5.6   Processing or transformation of the delivery item by the Customer is always carried out for the Supplier. If the delivery item is processed with other objects that do not belong to the Supplier, the Supplier shall acquire co-ownership of the new object in the ratio of the value of the delivery item to the other processed objects at the time of processing. The same shall apply to the object resulting from processing as to the reserved goods; the Customer claims acquired through the sale of the processed object are assigned to the Supplier in the amount of their share of co-ownership. The Supplier shall hereby accept this assignment too.

5.7   If the delivery item is inseparably combined or mixed with other objects that do not belong to the Supplier, the Supplier shall acquire co-ownership of the new object in the ratio of the value of the delivery item to the other combined or mixed objects at the time of combination or mixing.

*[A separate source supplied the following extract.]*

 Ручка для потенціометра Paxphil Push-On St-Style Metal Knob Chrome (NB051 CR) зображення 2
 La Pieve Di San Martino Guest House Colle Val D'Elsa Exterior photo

If the combination or mixing is carried out in such a way that the Customer’s object ought to be considered the main object, it is deemed to be agreed that the Customer shall proportionally transfer co-ownership to the Supplier. The Customer shall keep the sole ownership or co-ownership in safe custody for the Supplier.

5.8   If a petition for the institution of insolvency proceedings is filed against the Customer’s assets, the Customer’s authority to resell, process, mix or combine the delivery item shall cease to apply. If the Customer or the temporary insolvency administrator nevertheless sells, processes, mixes or combines the delivery item, the Supplier shall be entitled to the full proceeds of such sale, processing, mixing or combination; Sections 170 and 171 of the German Insolvency Code shall not apply. Neither the Customer nor the temporary insolvency administrator shall be entitled to collect the claim assigned to the Supplier.

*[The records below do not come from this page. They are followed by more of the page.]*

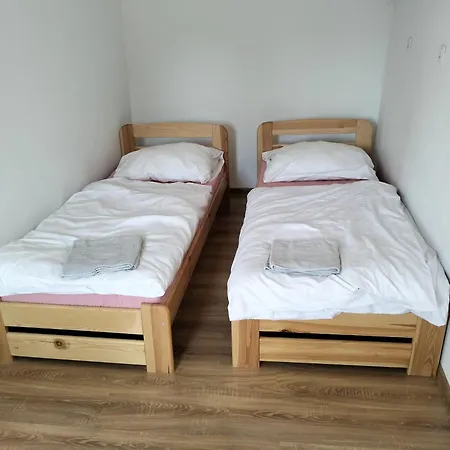 Bed & Breakfast I Sauna W Starym Domu *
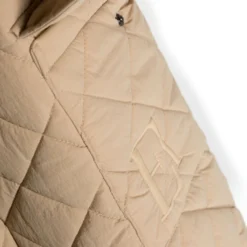 Børn Emporio Armani Kids Frakke Med Hætte Og Quiltet Finish -Stella shop 20585234 50588610 1000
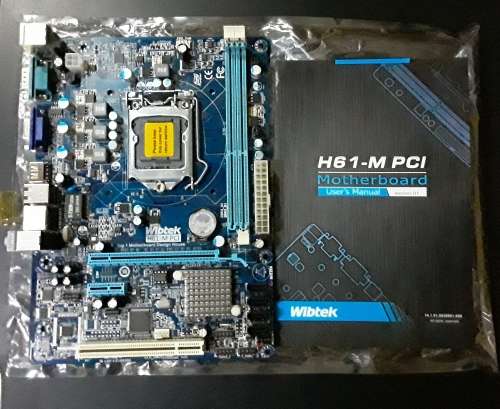Motherboard LGA 1155
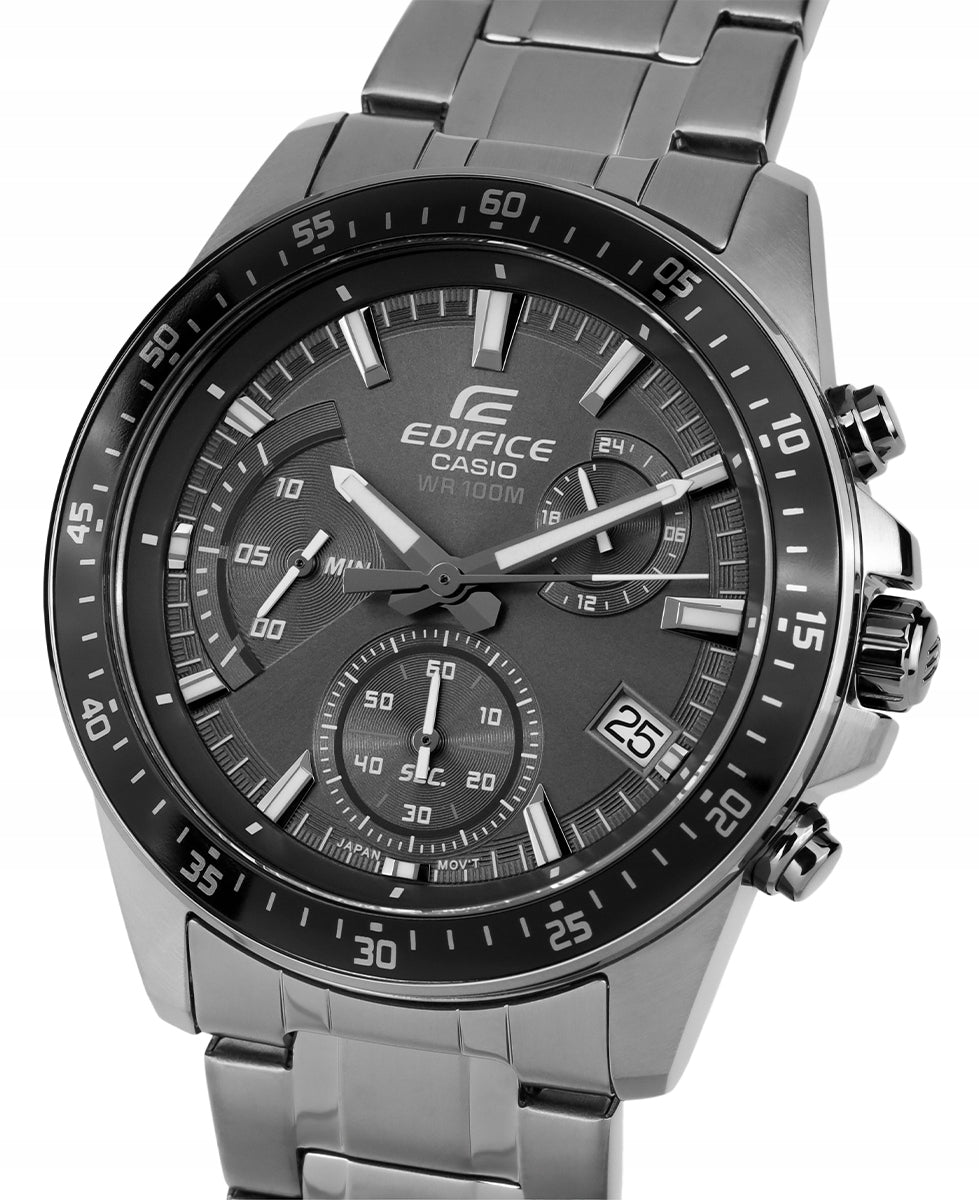 CASIO EDIFICE EFV-540DC -1CVUEF men's watch Brand CASIO
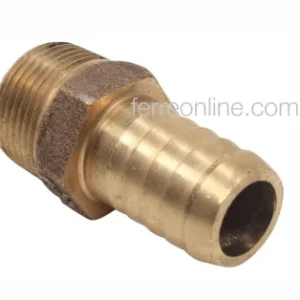 ADAPTADOR PARA MANGUERA MACHO 13MM 1/2" Ferreonline (Ferremateriales La Mexicana)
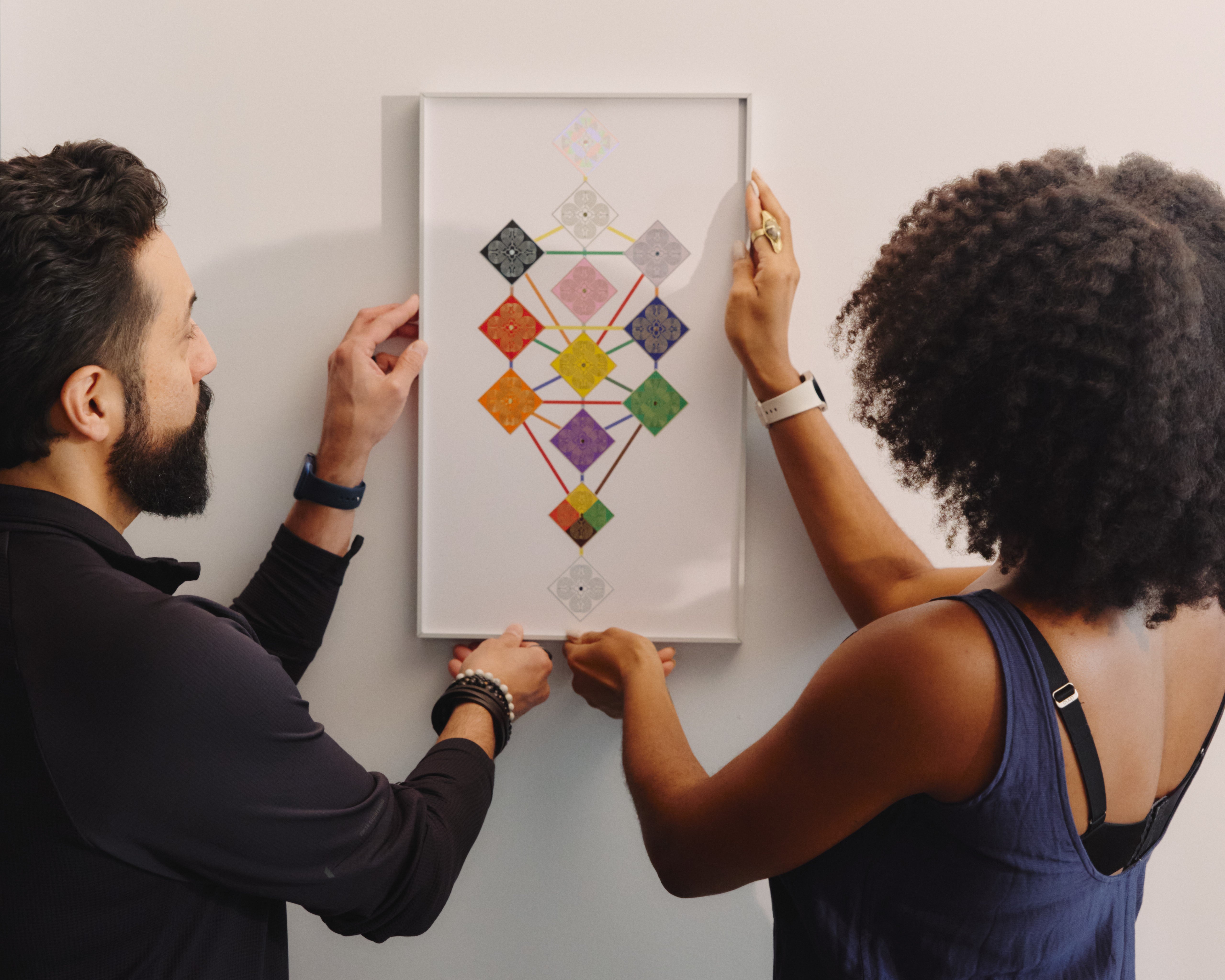 Как Разместить "Древо Жизни" в вашем Жилом Пространстве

5.9   The Supplier undertakes to release the securities that they are entitled to at the Customer’s request to the extent that their value exceeds the claims to be secured by more than 10%, insofar as they have not yet been settled. Entitlement to restitution cannot be asserted if and insofar as a release claim is opposed to this.

7 Liability for material defects

The Supplier’s liability for material defects shall be governed by the following provisions, subject to the special provisions set down in Section 8 of these General Terms and Conditions.

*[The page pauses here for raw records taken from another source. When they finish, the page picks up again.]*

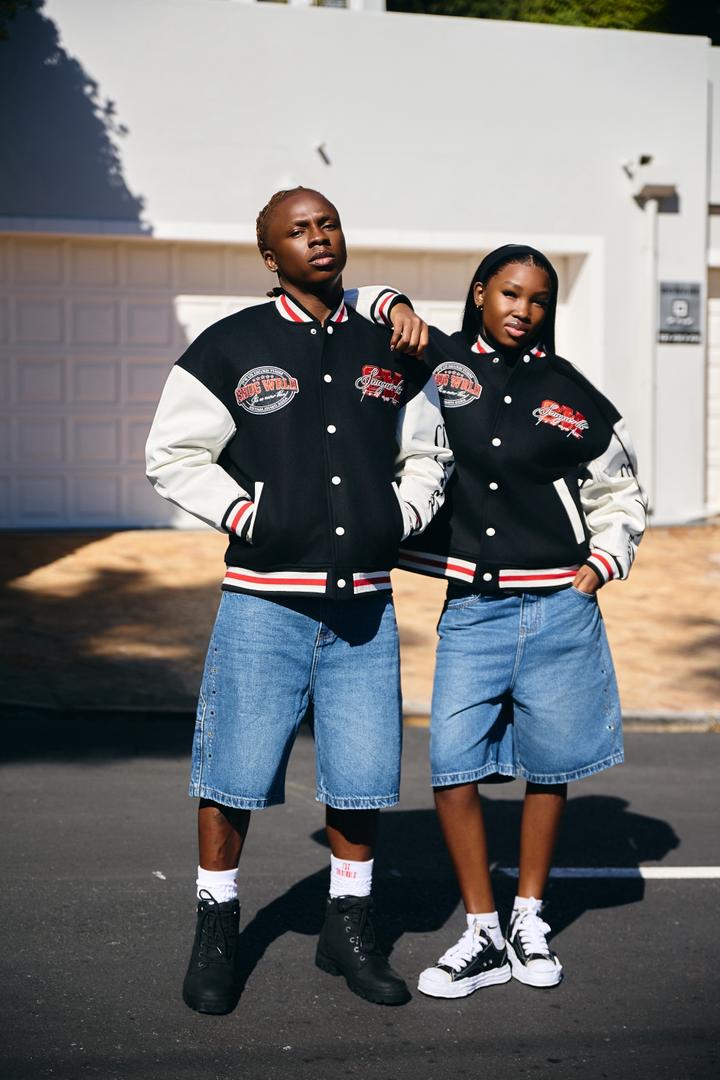 SNUG WRLD Varsity Jackets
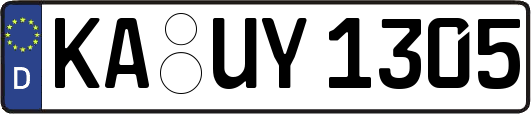 KA-UY1305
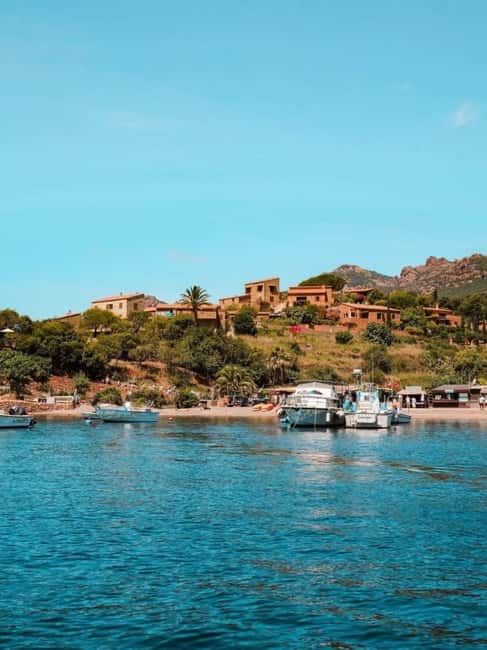 Ajaccio: Scandola - Girolata - Piana - Capo Rosso Tour - Key points to know before booking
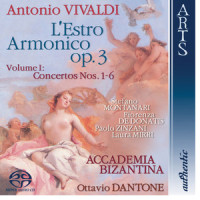 Concerto For Violin Strings And Continuo No. 6 in A Minor RV 356: III. Presto_Various Artist,Antonio Vivaldi,Accademia Bizantina,Ottavio Dantone,Stefano Montanari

7.1   Claims for defects shall lapse 12 months after delivery or, if acceptance is required, after acceptance. If there are defects in buildings or in items that were used for a building in accordance with their normal use or that caused its defectiveness, the statutory limitation period of five years shall apply (as per Section 438 (1) (2) of the German Civil Code). Other statutory special regulations on the limitation period – particularly in the case of fraudulent concealment of a defect (Section 438 (3) and Section 444 of the German Civil Code), in the case of loss of life, physical injury or harm to health or resulting from a grossly negligent breach of duty (Section 309 (7) of the German Civil Code), in the case of recourse against the Supplier (Section 8.1 of these General Terms and Conditions, Section 445b of the German Civil Code) as well as according to the German Product Liability Act – shall remain unaffected.

7.2   The original limitation period shall continue to apply to repaired delivery items; it is only extended by the time in which the delivery item is not usable. The same shall apply to replacement deliveries.

7.3   The delivered items shall be carefully inspected immediately after delivery to the Customer or to the third party appointed by the former. If they are intended for installation, the inspection shall be carried out before installation. With regard to obvious defects or other defects that would have been recognizable in an immediate, careful inspection, they shall be deemed to have been approved by the Customer if the Supplier does not receive a notification of defects in text form within seven working days of delivery. With regard to other defects, the delivery items shall be deemed to have been approved by the Customer if the Supplier does not receive the notification of defects within seven working days of the time at which the defect became apparent; if the defect was already apparent to the Customer at an earlier time during normal use, this earlier time shall, however, be decisive for commencement of the period for notification of defects. If the Customer fails to carry out the proper inspection and/or report defects, the Supplier’s liability for the defect that has not been reported, or that has not been reported in good time or not reported properly, shall be excluded in accordance with the statutory provisions.

7.4   The Customer is obligated to accept the delivery even if the goods have only minor defects.

7.5   The Supplier is only liable for public statements – especially in advertising – if they arranged them; in such cases, a duty to assume liability only exists if the public statement – especially in advertising – has actually influenced the Customer’s purchase decision. If the Customer refers to a public statement – especially in advertising – to justify a defect that they have reported, they shall be responsible for proving that the public statement was the reason for the purchase decision.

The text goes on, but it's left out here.